Some 250 miners were still underground at Gold One mine on the East Rand yesterday, allegedly being held as ‘hostages’, after 200 had managed to make it to the surface.
The mining company, which BusinessLIVE reported ‘counts the China-Africa Development Fund as an investor’, said it was ‘extremely concerned about the health and wellbeing of those still underground’.
Negotiations were under way with the Association of Mineworkers and Construction Union (AMCU) and the police ‘to work out the best route to release the remaining employees’.
According to reports, more than 500 National Union of Mineworkers (NUM) members were being held underground against their will by AMCU ‘captors’.

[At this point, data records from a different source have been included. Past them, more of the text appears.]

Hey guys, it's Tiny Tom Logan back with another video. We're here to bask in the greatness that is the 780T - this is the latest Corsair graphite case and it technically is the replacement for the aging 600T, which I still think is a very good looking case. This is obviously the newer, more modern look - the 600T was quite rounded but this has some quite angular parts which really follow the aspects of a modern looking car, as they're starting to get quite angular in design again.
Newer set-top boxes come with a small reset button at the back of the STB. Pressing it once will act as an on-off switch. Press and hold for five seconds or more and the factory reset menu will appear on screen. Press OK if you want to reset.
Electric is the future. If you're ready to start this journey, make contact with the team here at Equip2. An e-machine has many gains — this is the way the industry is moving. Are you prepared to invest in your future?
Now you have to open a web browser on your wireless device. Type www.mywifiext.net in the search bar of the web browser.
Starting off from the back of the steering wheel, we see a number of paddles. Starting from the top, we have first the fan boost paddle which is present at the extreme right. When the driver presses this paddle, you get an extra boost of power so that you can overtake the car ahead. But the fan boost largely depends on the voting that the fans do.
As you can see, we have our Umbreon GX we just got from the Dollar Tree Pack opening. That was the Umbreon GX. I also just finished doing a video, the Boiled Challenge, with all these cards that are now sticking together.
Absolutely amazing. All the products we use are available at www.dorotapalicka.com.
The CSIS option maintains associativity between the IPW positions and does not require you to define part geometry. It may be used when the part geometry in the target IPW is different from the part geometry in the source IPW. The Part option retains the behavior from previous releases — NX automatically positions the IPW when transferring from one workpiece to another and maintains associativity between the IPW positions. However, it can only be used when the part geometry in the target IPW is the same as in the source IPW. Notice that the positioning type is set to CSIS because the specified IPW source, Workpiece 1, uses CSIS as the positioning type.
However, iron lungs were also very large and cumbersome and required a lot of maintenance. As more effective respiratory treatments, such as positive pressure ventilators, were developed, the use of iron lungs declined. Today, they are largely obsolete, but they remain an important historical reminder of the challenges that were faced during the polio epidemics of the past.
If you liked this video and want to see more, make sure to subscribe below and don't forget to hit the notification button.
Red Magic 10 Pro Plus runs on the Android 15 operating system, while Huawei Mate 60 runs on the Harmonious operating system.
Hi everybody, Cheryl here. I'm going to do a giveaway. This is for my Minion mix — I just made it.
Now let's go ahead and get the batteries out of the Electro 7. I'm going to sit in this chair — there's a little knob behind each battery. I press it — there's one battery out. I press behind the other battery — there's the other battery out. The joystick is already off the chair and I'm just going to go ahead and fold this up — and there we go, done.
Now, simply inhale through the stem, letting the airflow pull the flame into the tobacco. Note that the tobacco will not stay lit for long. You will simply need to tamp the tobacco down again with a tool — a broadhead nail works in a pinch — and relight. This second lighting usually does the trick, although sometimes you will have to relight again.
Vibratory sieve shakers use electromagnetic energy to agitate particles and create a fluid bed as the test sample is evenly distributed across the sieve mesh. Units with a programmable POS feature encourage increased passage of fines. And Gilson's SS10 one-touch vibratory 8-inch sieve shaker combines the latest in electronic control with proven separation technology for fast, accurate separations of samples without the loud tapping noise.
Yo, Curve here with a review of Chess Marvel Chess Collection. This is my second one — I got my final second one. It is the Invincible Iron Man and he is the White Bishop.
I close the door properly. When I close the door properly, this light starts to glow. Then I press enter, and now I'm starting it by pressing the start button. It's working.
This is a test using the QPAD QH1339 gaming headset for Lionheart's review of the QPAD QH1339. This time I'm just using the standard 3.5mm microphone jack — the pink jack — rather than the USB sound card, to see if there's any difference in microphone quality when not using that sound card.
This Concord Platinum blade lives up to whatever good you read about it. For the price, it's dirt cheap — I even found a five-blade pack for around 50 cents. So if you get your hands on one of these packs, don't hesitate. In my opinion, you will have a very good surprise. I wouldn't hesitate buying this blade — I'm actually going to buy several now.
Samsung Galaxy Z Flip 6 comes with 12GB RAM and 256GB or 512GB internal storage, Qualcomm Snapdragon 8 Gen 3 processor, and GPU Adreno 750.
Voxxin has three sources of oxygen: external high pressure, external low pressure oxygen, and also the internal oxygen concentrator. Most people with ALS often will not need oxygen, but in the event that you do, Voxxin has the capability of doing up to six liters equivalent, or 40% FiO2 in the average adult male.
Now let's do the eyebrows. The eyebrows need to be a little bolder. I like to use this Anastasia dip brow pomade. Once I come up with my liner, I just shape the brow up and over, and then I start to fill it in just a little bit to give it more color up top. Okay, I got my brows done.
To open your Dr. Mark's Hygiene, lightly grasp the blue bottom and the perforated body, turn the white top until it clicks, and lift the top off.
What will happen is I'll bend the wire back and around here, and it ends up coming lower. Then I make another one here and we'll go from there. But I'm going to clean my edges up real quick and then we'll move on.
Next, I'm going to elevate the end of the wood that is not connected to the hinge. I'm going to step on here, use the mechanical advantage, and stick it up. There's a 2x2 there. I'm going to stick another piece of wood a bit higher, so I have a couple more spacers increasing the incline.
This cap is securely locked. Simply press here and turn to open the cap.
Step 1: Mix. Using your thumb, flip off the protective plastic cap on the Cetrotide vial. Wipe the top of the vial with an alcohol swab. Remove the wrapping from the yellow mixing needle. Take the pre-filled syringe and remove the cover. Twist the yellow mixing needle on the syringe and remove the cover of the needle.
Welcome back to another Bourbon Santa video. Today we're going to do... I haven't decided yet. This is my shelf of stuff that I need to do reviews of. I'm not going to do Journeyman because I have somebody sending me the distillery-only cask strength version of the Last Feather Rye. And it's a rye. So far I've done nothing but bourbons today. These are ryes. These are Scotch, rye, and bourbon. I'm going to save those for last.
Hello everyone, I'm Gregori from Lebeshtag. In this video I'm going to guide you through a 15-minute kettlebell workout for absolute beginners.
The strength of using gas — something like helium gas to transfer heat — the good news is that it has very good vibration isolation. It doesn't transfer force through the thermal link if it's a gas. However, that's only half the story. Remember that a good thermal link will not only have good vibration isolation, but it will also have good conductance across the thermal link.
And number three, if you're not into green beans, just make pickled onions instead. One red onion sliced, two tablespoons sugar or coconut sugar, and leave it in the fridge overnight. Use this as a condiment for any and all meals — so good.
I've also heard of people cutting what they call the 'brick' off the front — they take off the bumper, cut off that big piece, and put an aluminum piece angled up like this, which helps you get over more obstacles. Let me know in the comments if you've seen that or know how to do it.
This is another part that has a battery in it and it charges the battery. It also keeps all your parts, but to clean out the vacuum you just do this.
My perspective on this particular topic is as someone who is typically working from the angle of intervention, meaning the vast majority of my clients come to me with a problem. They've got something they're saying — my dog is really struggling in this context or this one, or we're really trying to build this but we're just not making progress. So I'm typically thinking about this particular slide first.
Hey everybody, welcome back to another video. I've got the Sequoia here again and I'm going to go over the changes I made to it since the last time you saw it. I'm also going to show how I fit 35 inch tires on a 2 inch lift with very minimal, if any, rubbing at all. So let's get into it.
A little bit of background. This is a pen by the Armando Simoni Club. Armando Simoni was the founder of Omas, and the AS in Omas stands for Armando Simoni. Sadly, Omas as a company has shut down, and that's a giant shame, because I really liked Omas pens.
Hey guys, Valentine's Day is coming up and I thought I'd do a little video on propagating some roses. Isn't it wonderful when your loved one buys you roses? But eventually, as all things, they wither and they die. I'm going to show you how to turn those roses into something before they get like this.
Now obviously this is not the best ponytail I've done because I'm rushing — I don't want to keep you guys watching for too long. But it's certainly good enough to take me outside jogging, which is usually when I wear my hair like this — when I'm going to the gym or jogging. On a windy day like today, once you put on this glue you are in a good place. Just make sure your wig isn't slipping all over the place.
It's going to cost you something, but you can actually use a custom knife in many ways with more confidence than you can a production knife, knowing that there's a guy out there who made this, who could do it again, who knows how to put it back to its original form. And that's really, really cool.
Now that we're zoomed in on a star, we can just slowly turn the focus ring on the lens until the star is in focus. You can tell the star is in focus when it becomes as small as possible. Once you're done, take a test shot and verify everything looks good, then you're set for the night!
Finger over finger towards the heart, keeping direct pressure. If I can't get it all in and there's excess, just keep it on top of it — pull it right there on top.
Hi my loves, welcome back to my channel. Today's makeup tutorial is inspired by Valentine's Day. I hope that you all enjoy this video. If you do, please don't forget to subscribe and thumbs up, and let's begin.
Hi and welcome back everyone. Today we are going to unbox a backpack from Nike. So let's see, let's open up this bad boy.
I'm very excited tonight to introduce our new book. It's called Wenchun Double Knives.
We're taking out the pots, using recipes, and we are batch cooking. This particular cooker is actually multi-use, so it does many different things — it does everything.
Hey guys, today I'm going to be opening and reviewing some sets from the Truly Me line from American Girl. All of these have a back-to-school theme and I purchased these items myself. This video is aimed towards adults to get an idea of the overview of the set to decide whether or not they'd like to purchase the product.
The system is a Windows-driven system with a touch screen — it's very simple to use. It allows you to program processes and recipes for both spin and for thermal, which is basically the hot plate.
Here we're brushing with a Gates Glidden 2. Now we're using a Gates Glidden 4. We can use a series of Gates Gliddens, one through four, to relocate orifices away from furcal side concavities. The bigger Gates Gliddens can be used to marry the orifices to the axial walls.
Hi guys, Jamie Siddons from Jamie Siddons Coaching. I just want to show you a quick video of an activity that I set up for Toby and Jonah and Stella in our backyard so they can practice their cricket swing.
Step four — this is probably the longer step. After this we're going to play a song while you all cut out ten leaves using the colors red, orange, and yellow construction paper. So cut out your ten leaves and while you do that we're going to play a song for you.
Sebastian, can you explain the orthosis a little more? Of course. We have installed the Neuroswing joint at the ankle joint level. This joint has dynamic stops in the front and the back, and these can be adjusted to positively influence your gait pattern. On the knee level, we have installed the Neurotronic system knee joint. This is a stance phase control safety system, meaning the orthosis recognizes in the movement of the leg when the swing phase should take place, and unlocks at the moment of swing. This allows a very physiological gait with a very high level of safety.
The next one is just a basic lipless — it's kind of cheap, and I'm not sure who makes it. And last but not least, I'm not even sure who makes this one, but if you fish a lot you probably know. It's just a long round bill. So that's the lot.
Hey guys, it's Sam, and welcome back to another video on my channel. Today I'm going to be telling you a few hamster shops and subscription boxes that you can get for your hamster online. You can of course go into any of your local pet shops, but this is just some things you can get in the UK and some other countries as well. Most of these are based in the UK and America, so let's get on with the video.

However, AMCU General Secretary Jeff Mphahlele denied the allegation and said that NUM members who wanted to join AMCU were taking part in a sit-in. This was in protest at the exclusion of AMCU from labour relations at the mine.
AMCU president Joseph Mathunjwa said that about 1 700 of the total of 1 800 employees at the mine ‘have completed membership forms to join AMCU, so it is completely nonsensical to claim that anybody is being held hostage when it is clear that AMCU is the outright majority’.
However, the mineworkers who returned to the surface yesterday morning said they had managed to do so after fighting and overpowering their captors, who had held them hostage underground for more than 48 hours.
In an earlier report, NUM spokesman Livhuwani Mammburu said nine NUM workers had been injured by people that he alleged were the hostage-takers.
‘It’s now a crime scene. The police must arrest the perpetrators, the mine cannot ensure their safety. Our members have been kidnapped against their will’, Mammburu told Daily Maverick.